Mahalanobis Distance

Mahalanobis Distance#

Understanding Covariance Matrix and Its Role in Bayesian Decision Theory

In this tutorial, we will explore the covariance matrix, its geometric interpretation, and its role in Bayesian decision theory, particularly in Mahalanobis Distance. We will use resources from Vision Dummy, SAS Blogs and Wiki to explain the concepts, along with Chapter 2 of Duda’s book [DHS00]

Why Do We Need Mahalanobis Distance?#

In many real-world applications, we deal with multivariate data where features are often correlated and have different scales. The Euclidean distance, which measures the straight-line distance between two points, is a common choice for measuring distances. However, Euclidean distance has a significant limitation: it assumes that all features are uncorrelated and have the same variance. This assumption often does not hold in practice, leading to misleading results.

For example, consider a dataset where one feature is measured in meters and another in kilometers. The Euclidean distance would disproportionately weigh the feature measured in kilometers, even if it is less relevant to the problem. Similarly, if features are correlated, Euclidean distance fails to account for the underlying structure of the data.

This is where the Mahalanobis distance comes into play. Unlike Euclidean distance, the Mahalanobis distance takes into account the covariance structure of the data. It measures the distance between a point and a distribution, normalized by the variance of each feature and the correlations between them. This makes it a more robust and accurate measure for multivariate data.
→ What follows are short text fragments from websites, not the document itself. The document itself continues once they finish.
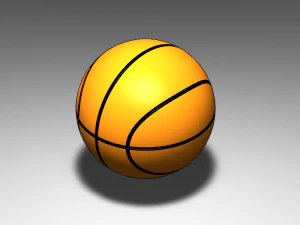 Basketball 3D Model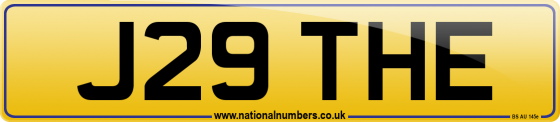 J29 THE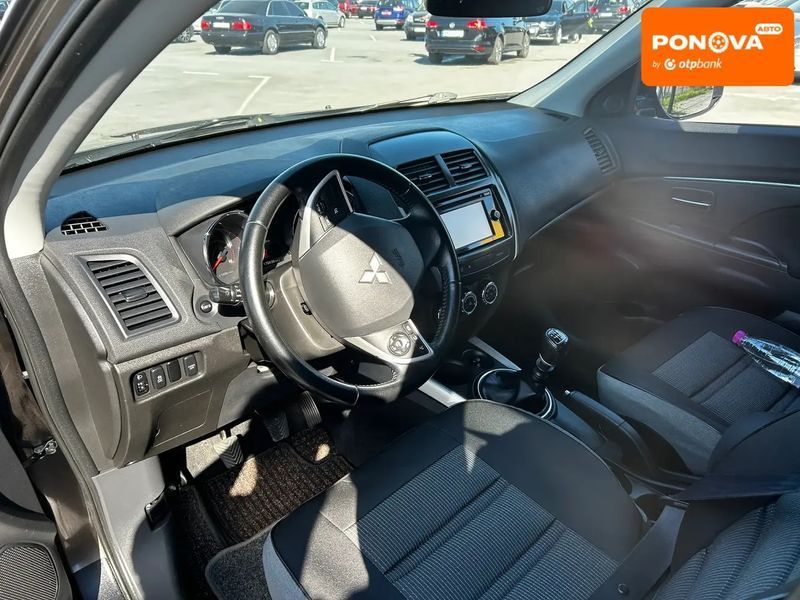 Mitsubishi ASX, 2014 р., Дизель, 179 тис. км, Позашляховик / Кросовер, Коричневий, Житомир AT-10417558 фото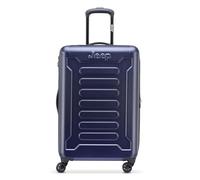 Jeep JH004C 4 roues Valise cabine 68 cm avec soufflet d'extension bleu
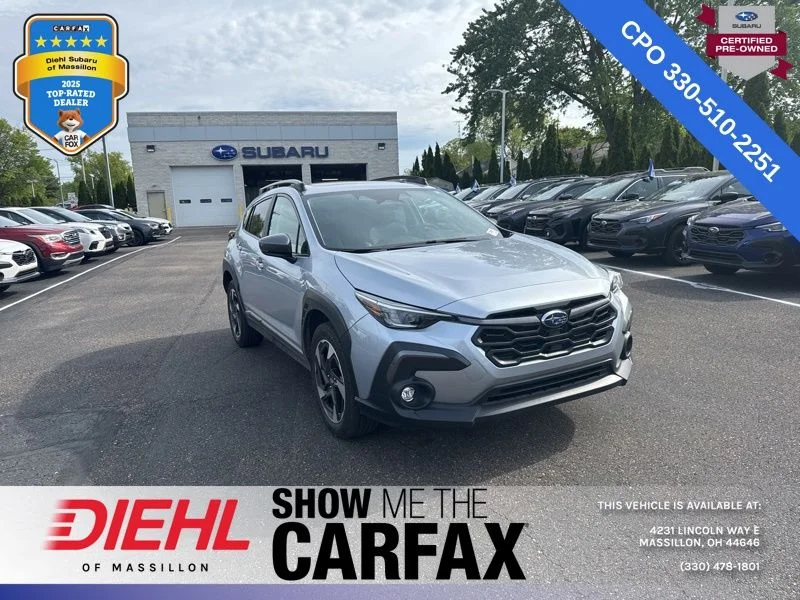 2024 Subaru Crosstrek Limited CVT's photo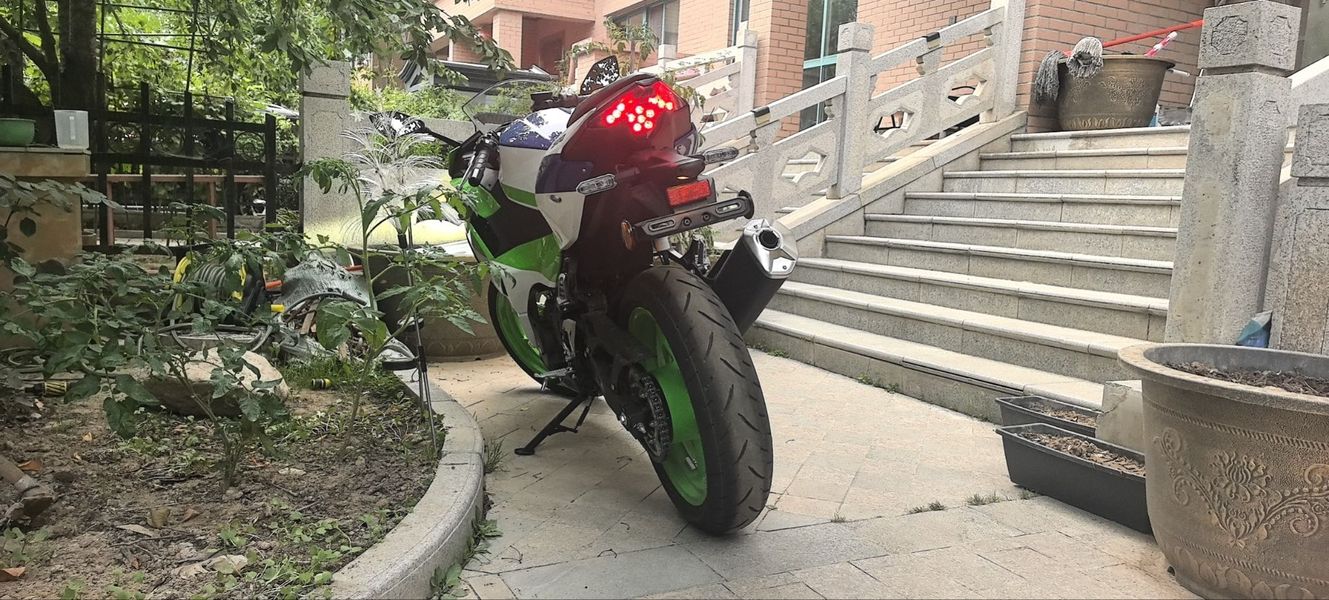 二手川崎Ninja 500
Python Example: Euclidean vs. Mahalanobis Distance#

Let’s illustrate this with a Python example. We’ll generate a set of 2D Gaussian random points and highlight two points that have the same Euclidean distance to the center but different Mahalanobis distances.

_images/2fea368edd3f29a3d3a3e5405305655f5eb54429880c12ed069ae6d1c26f341e.png

Introduction to Covariance Matrix#

The covariance matrix is a square matrix that summarizes the variances and covariances of a set of random variables. For a dataset with \(d\) features, the covariance matrix \(\mathbf{\Sigma}\) is a \(d \times d\) matrix where the diagonal elements represent the variances of each feature, and the off-diagonal elements represent the covariances between pairs of features.
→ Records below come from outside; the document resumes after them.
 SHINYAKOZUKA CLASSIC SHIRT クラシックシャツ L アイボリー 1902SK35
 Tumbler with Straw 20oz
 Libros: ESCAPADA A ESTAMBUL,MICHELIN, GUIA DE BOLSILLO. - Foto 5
Mathematically, the covariance matrix is defined as:

\[\begin{split} \mathbf{\Sigma} = \begin{bmatrix} \sigma_{11} & \sigma_{12} & \cdots & \sigma_{1d} \\ \sigma_{21} & \sigma_{22} & \cdots & \sigma_{2d} \\ \vdots & \vdots & \ddots & \vdots \\ \sigma_{d1} & \sigma_{d2} & \cdots & \sigma_{dd} \end{bmatrix} \end{split}\]

where:

\(\sigma_{ii}\) is the variance of the \(i\)-th feature.
\(\sigma_{ij}\) is the covariance between the \(i\)-th and \(j\)-th features.

The covariance matrix is symmetric (\(\sigma_{ij} = \sigma_{ji}\)) and positive semi-definite.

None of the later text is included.